Bottom line

The Agent Commerce API enables autonomous agents to execute transactions that produce cryptographically signed receipts — each validated against a signed policy document before authorization is granted.

Developer Guide

Agent Commerce API

How autonomous agents execute policy-governed transactions and receive cryptographically signed proofs — designed for compliance, auditability, and machine-readable verification.

What the API Does

The Agent Commerce API is the execution layer for autonomous agent transactions. An agent calls the API to initiate a payment; the system validates the request against the agent's current signed policy, authorizes the transaction if it complies, and returns a cryptographically signed receipt as the response.

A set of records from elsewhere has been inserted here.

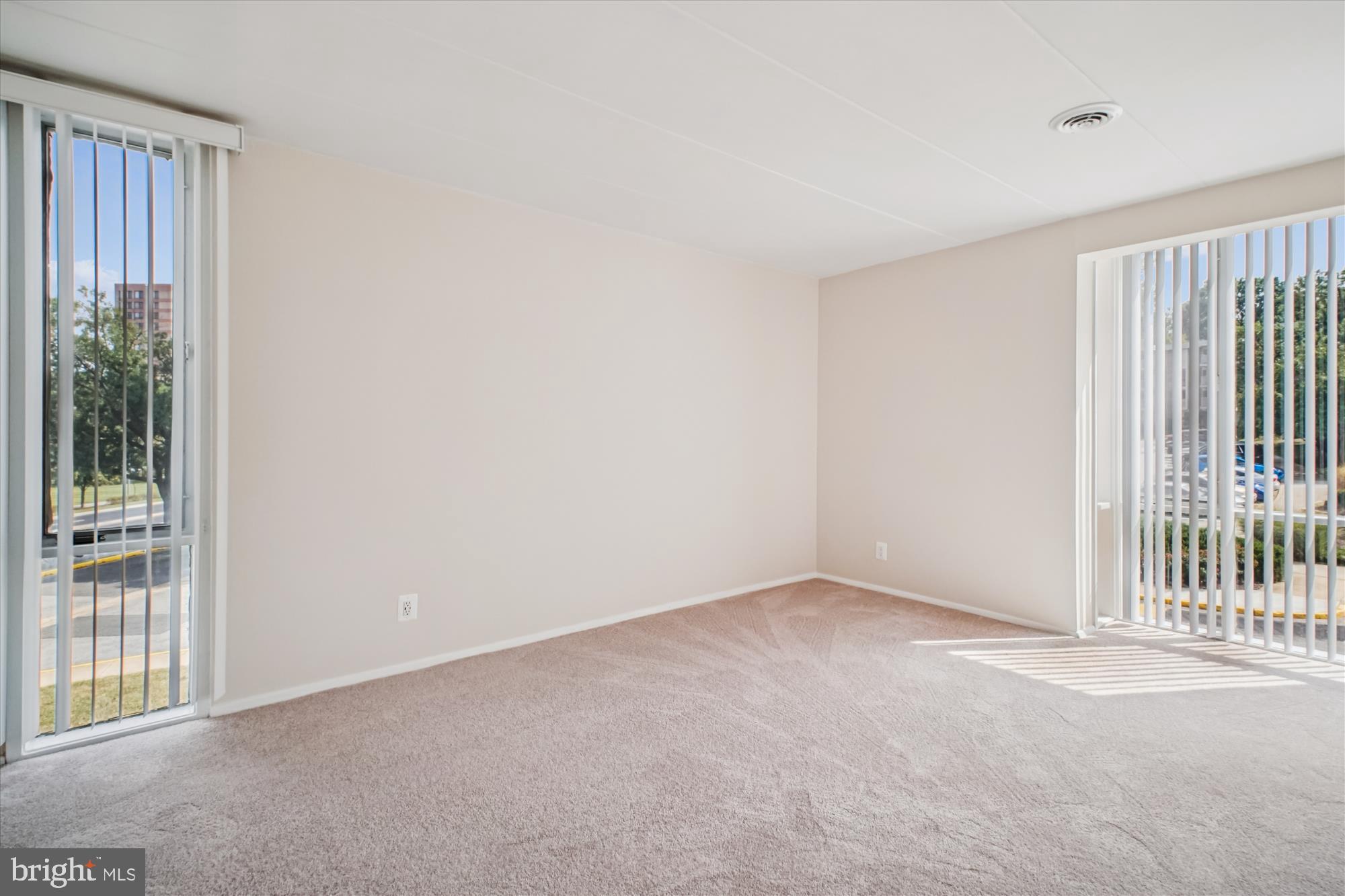 HUNTINGTON CLUB - Residential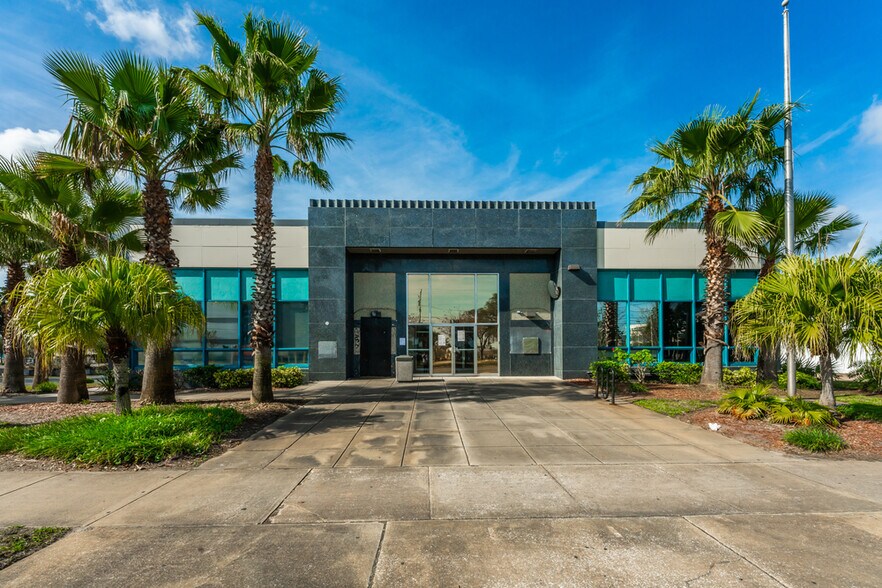 Primary Photo Of 130 N Ridgewood Ave, Daytona Beach Office For Sale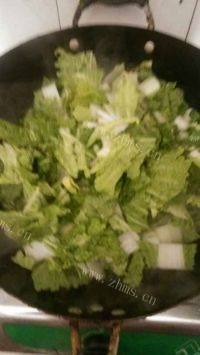 家常菜白菜炒红薯粉做法图解3)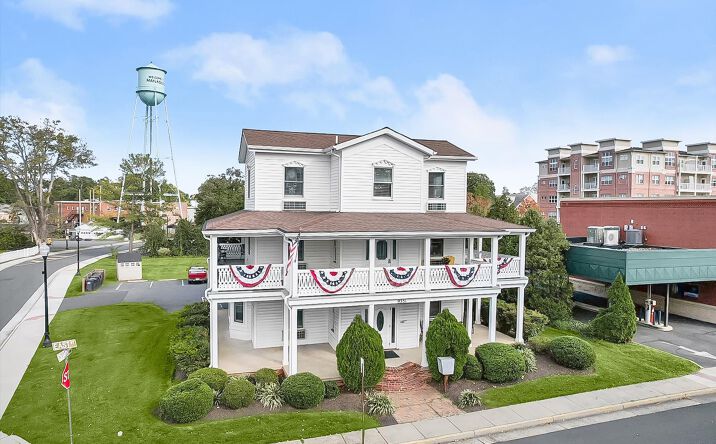 Pictures of Multifamily property located at 9351 East St, Manassas, VA 20110 for sales - image #1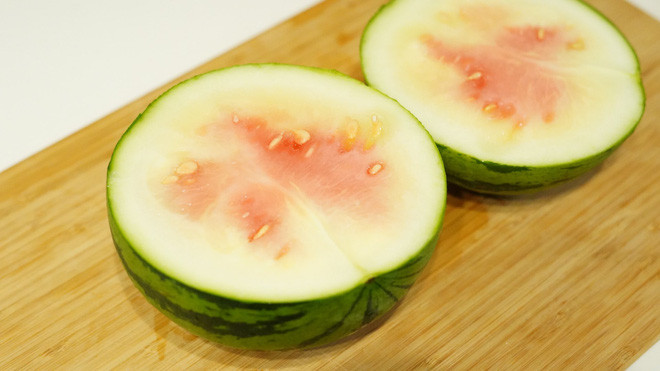 Chăm bẵm được trái dưa tươi xanh như vậy nhưng cái kết thì khiến thanh niên ngã khuỵu.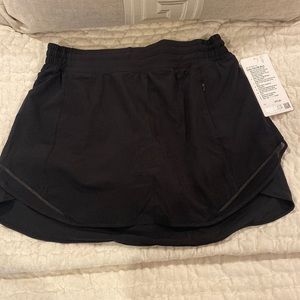 LULULEMON NWT hotty hot skort, black, size 10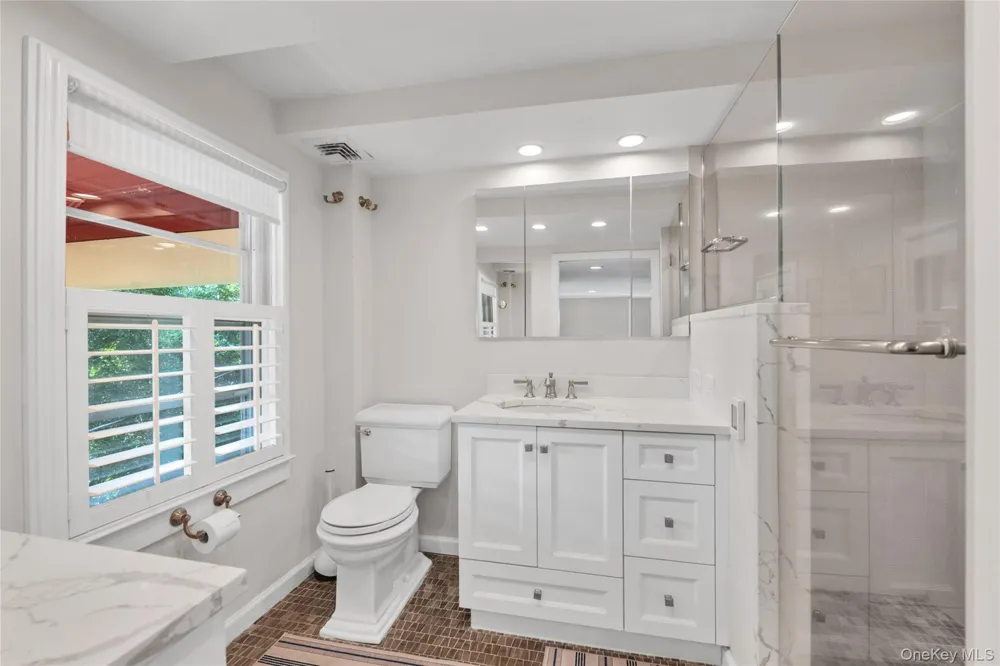 15 Jackson Street Port Washington, NY 11050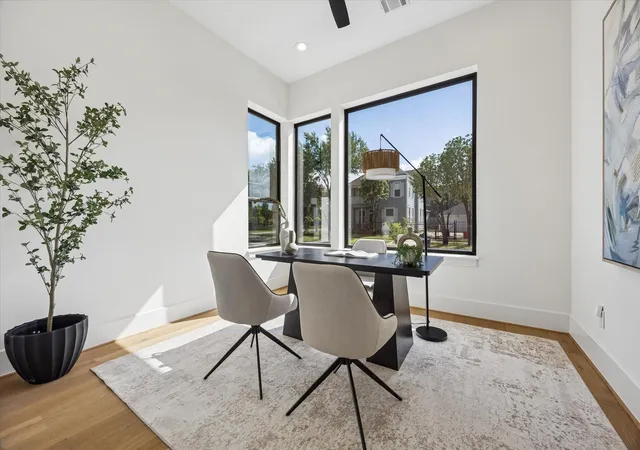 Photo 3 of Single family home for sale at 335 Harvard St, Houston, TX 77007 | MLS# 39648858 | Listing updated on 2026-10-06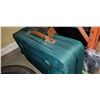 Image 2 : 6PC LUGGAGE SET BAXTON AND OTHERS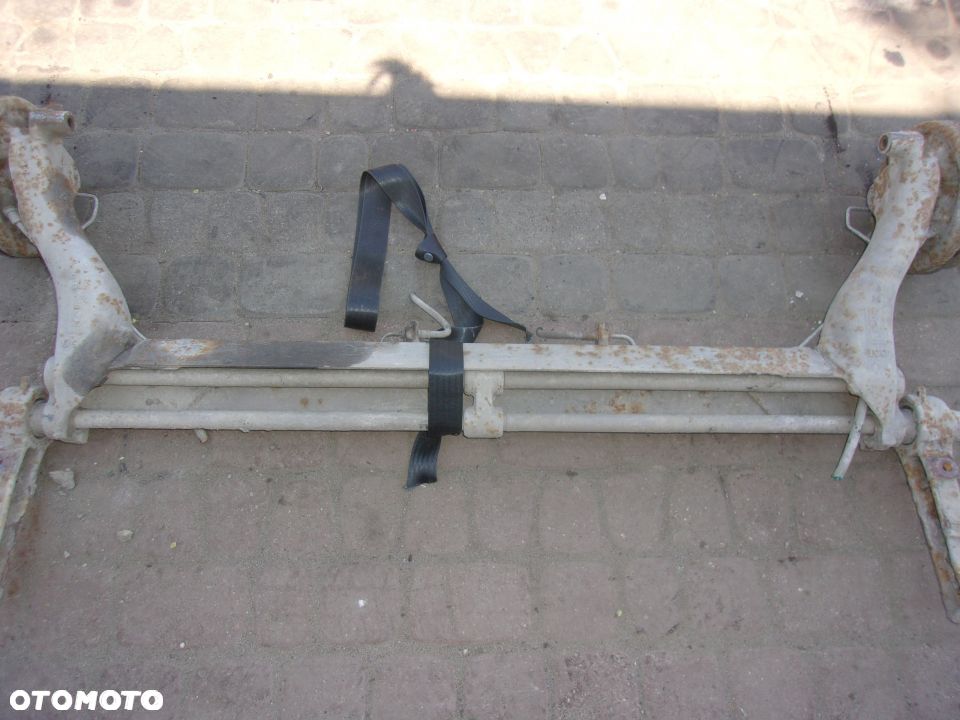 BELKA TYLNEGO ZAWIESZENIA MEGANE CLASSIC KOMBI SDN - 1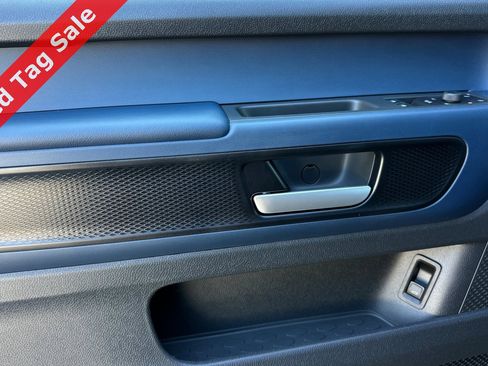 New 2025 Volkswagen ID. Buzz Pro S image 9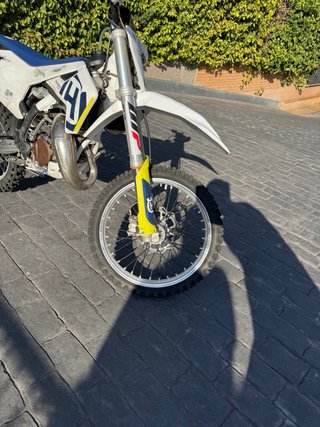 Husqvarna TC 85 Motocross Blanca y Amarilla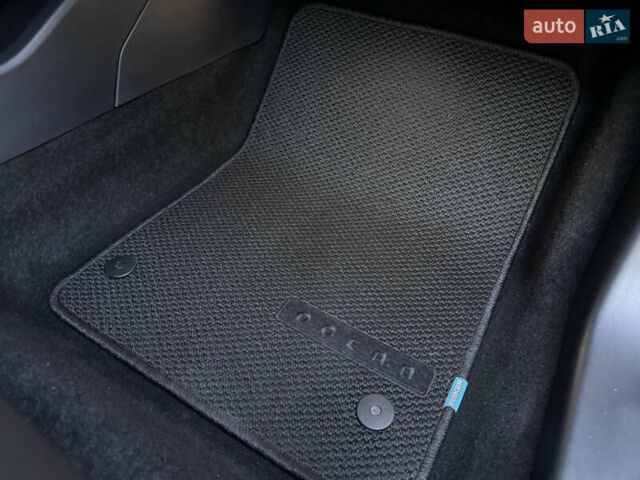 Синий Фискер Ocean, объемом двигателя 0 л и пробегом 18 тыс. км за 26500 $, фото 47 на Automoto.ua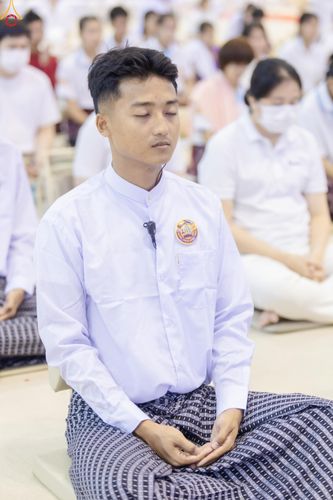 ภาพ No.327740:วันที่ 3 พฤษภาคม พ.ศ.2569 พิธีรับมอบพระบรมสารีริกธาตุ จากสาธารณรัฐแห่งสหภาพเมียนมา ณ ห้องแก้วสารพัดนึก วัดพระธรรมกาย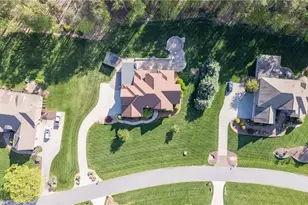 7716 Chesterbrooke Dr, Greensboro, NC 27455 - Photo 7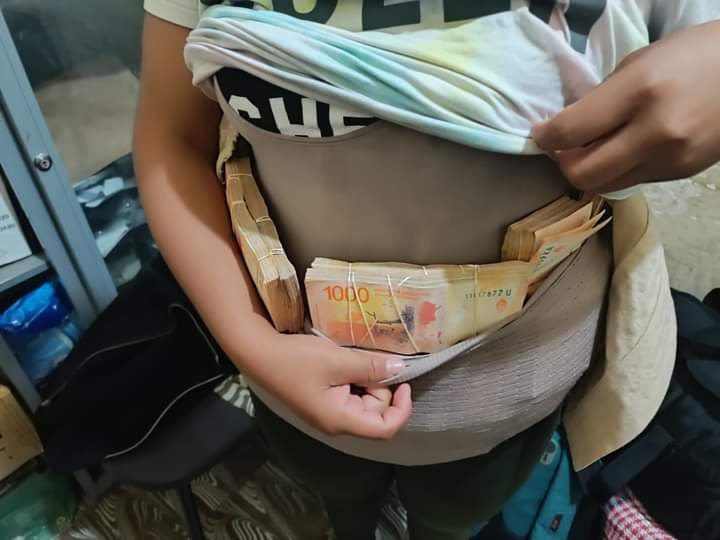 Aprehenden a mujer con 14.8 millones de pesos argentinos intentando cruzar la frontera ilegalmente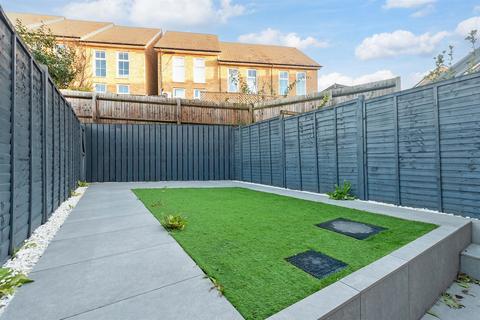 16 Wheeler Close, Dartford, DA1 5UL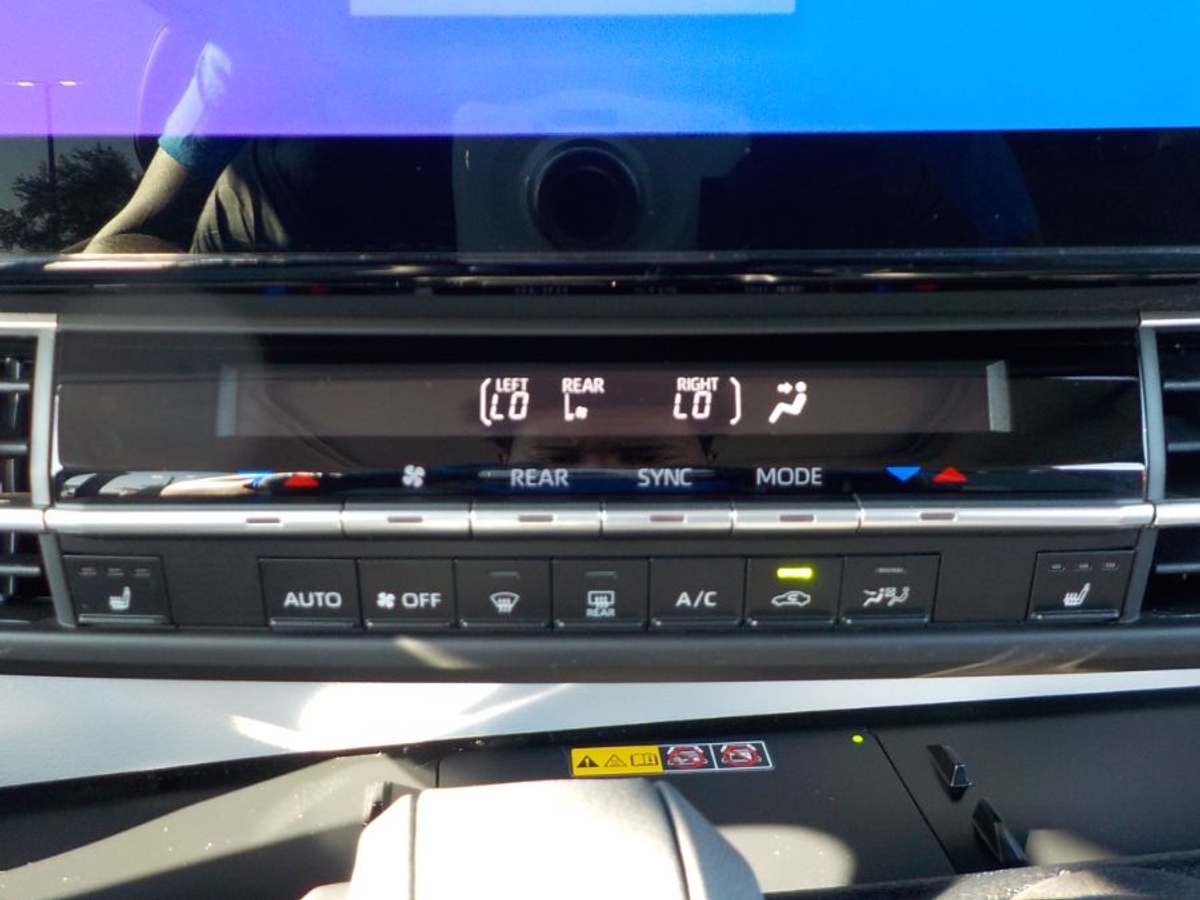 2025 TOYOTA SIENNA - Image 38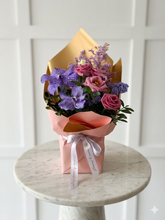 Load image into Gallery viewer, Vanda Petite Posy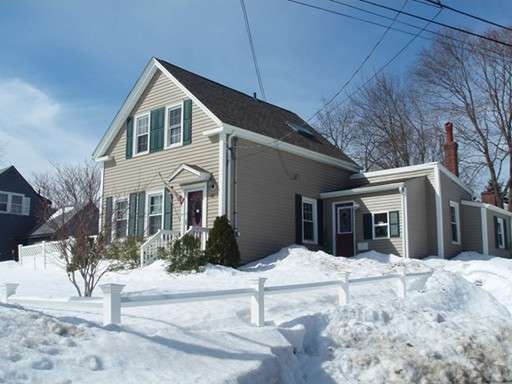 581 Middle St, East Weymouth, MA 02189 - photo 1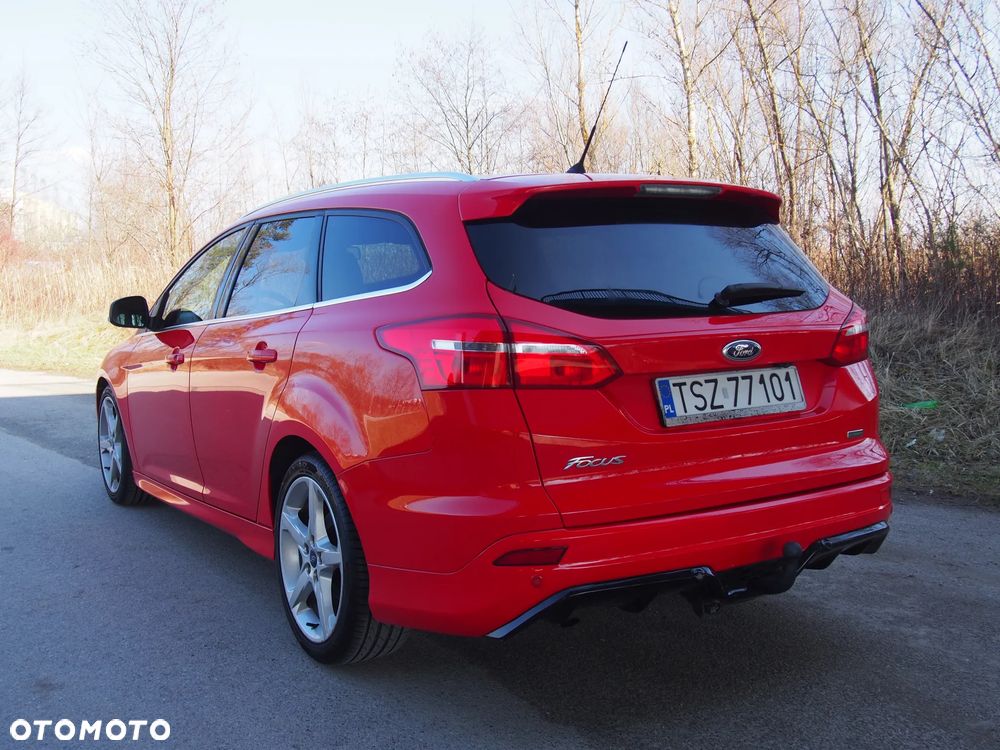 Ford Focus 1.0 EcoBoost ST-Line Red ASS - 18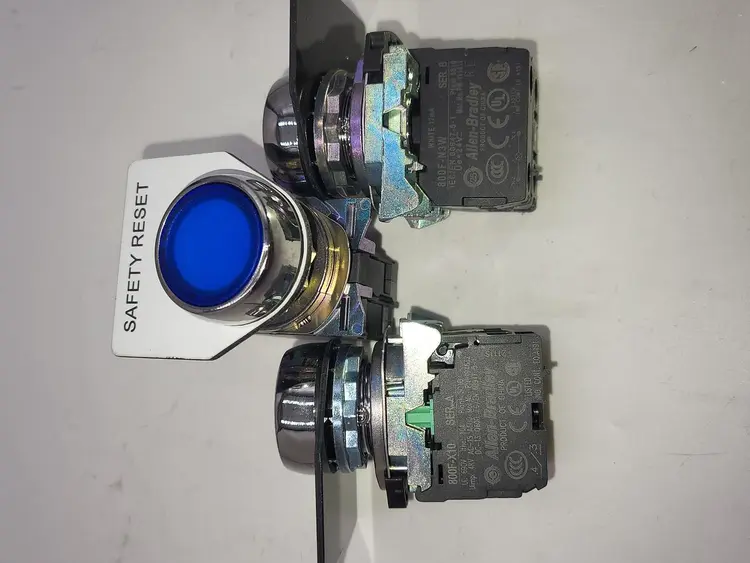 Used ALLEN-BRADLEY ALLEN BRADLEY BLUE PUSH BUTTON 800FM-LE3 CONTACT BLOCKS 800F-X10 & 800F-N3W Contact Blocks | ND Industrial Surplus #1225341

This design separates the authorization logic (defined in the policy) from the execution layer (the API), so agents can transact autonomously within defined boundaries without requiring a human approval gate on each transaction.

The receipt returned by the API is a structured JSON object that includes the policy reference, transaction metadata, and a tamper-evident signature. See how receipts work →

Core API Concepts

Policy documents

Every agent operates under a signed policy document — a structured definition of what the agent may purchase, at what value, under what conditions, and for how long. Policies are signed by an authorized operator and referenced in every receipt the agent's transactions produce.

Transaction authorization

Before a payment is processed, the API validates the transaction parameters against the agent's active policy. If the transaction falls outside policy bounds (wrong vendor, excessive value, expired authorization window), the request is rejected and no payment occurs.

Signed receipt issuance

On successful authorization, the API issues a signed receipt that includes the policy ID, transaction amount, timestamp, recipient, and a cryptographic signature. The receipt is the auditable proof of the transaction — usable by compliance systems, financial auditors, and AI governance reviews.

Idempotency and retries

API requests include idempotency keys so that network retries do not produce duplicate transactions. Each idempotency key maps to at most one issued receipt.

Integration Patterns

Agent Commerce integrates at the point where an autonomous agent decides to initiate a transaction. In practice, this means the API call happens inside the agent's decision loop — after the agent determines what to purchase but before it executes payment.

Direct agent integration

The agent SDK includes the Agent Commerce API client. The agent calls the API directly as part of its action loop. Receipts are stored by the SDK and surfaced via the compliance dashboard.

Middleware proxy

For agents that cannot directly call external APIs, a middleware layer intercepts outbound payment requests, validates them against the policy, forwards authorized ones, and attaches the signed receipt to the transaction log.

Event-driven pipeline

Agents emit payment intent events to a queue. A consumer service calls the Agent Commerce API, receives receipts, and writes them to an audit ledger. Useful for high-frequency or batch transaction patterns.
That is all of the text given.